Northwest Florida was the landing spot. His brother owned some condos there, told him he could hang in one for as long as he needed. He has views of the water from his balcony, and it’s only a quarter-mile hoof to the sand. Darren spends his days on the couch, at the beach, or inside a movie theater. Cinema has offered him a refuge, something that helps him lose his mind and fly away from his head.
“I hang in the dark and forget myself. The things that happened to me. The things I’ve done. I’m upside down, the images wash over me, and for a little while, I’m at peace.”
His friends tried calling for a while, but he never answered. Then, slowly but surely, the phone stopped ringing. Now, aging has made him contemplative. He ponders his place in this world, whether anyone besides his brother cares about him at all.

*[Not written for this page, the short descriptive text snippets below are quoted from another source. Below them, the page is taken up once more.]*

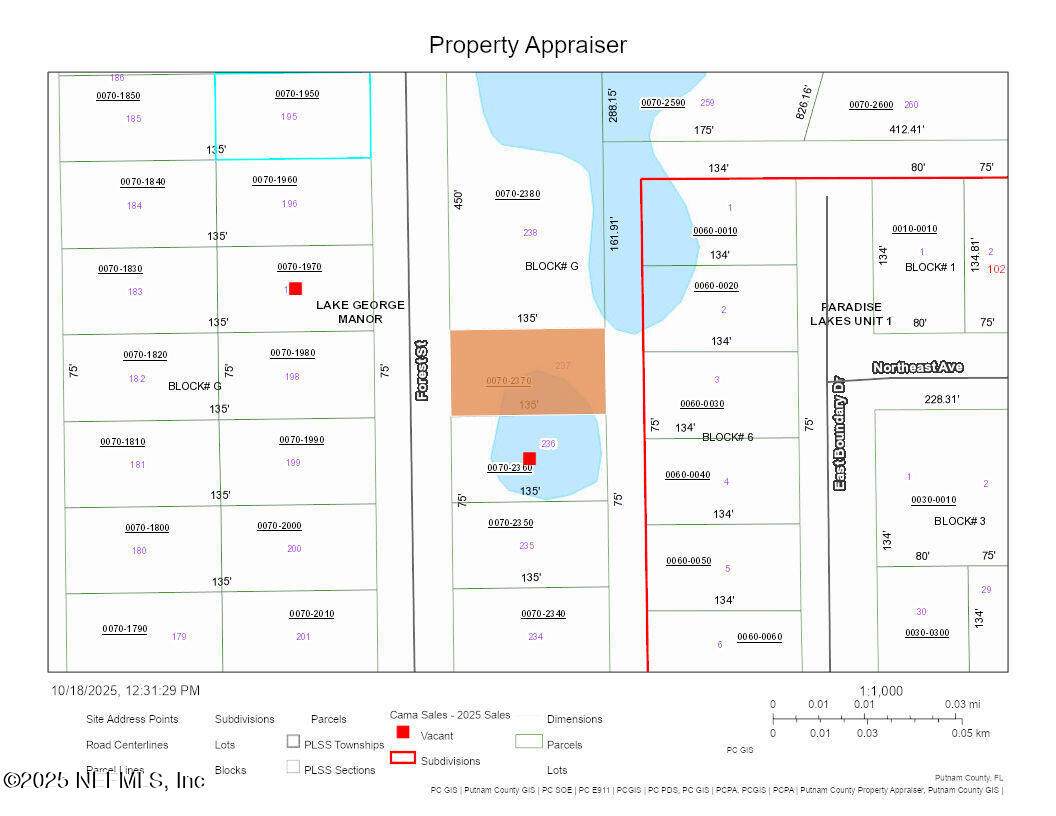 128 Forest Street - Photo 1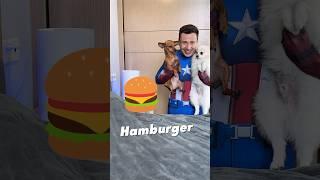 А вы знали про HamBurger?) #английскийЯзык #английский #English #английскийДляДетей #дети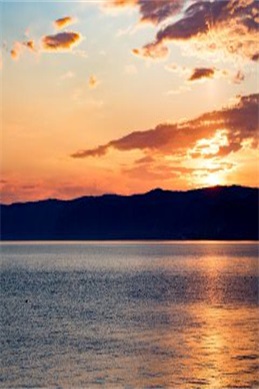 天师斗僵尸郑中基在线观看-确认电影信息再找资源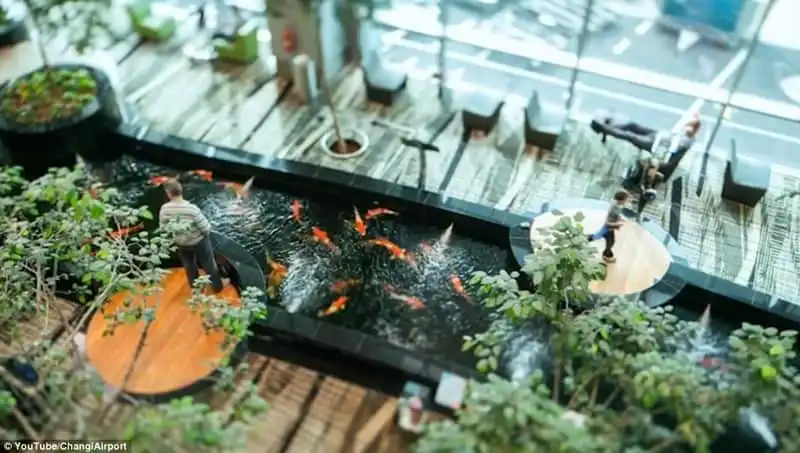 wanderlust-tips-kham-pha-changi-san-bay-tot-nhat-the-the-gioi-5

“Sometimes women are cool to you at first,” he said. “But then you realize it’s because they think you might be a vampire. Once they find out you’re just a bat, they’re out.
“Depression is a can of gasoline and a lit match. I just try to keep them as far apart as I can. Some days, they’re not in the same room. Some days, they get close.”
The movies don’t always help. Steven Soderbergh’s Contagion came out in the fall of 2011. The film was a medical disaster thriller about a disease that ravages the globe and kills millions. The way the disease started? A bat takes a banana from a tree, eats some, then accidentally drops the infected fruit onto the floor of a pig farm. Darren sighs and lights another Camel.
“Bats used to mean something in this country. Batman, Batgirl … Dracula was a bat sometimes.”
When San Antonio beat Miami in the 2014 Finals, it was the first Spurs title since the incident. Darren watched the deciding Game 5 alone, on his balcony, smoking Camel Lights and staring at the television through the screen door. When the final buzzer sounded, he cried.
“Mixed emotions, really. So happy for the guys, for Manu. Just hurt not to be there … I’m sweating.”
He took off his cardigan, and I saw, for the first time, his left wing. It was much smaller than his right, gnarled and dented and mushed, atrophied to the point that it looked dead. I asked whether he wanted another drink. He said it was time to go. When he rose from the table, he grabbed his sweater and shook my hand again. He looked me in the eye this time, but his good one—sable and shaking now—just stared through me. He was somewhere else, on a mind ride.
“If you can find it in your heart to, go easy on me,” he said. “And if you talk to Manu, please tell him I’m sorry.”
I watched him leave the restaurant and walk among the beachside vendors hawking their wares. Footballs made of wood, coconut cups, turquoise necklaces bright in the late afternoon sun. At the end of one row, he paused, looked both ways, then up to the sky. I wondered which direction he’d fly. Then I realized—he can’t.
He walked toward the water. I lost him in the crowd.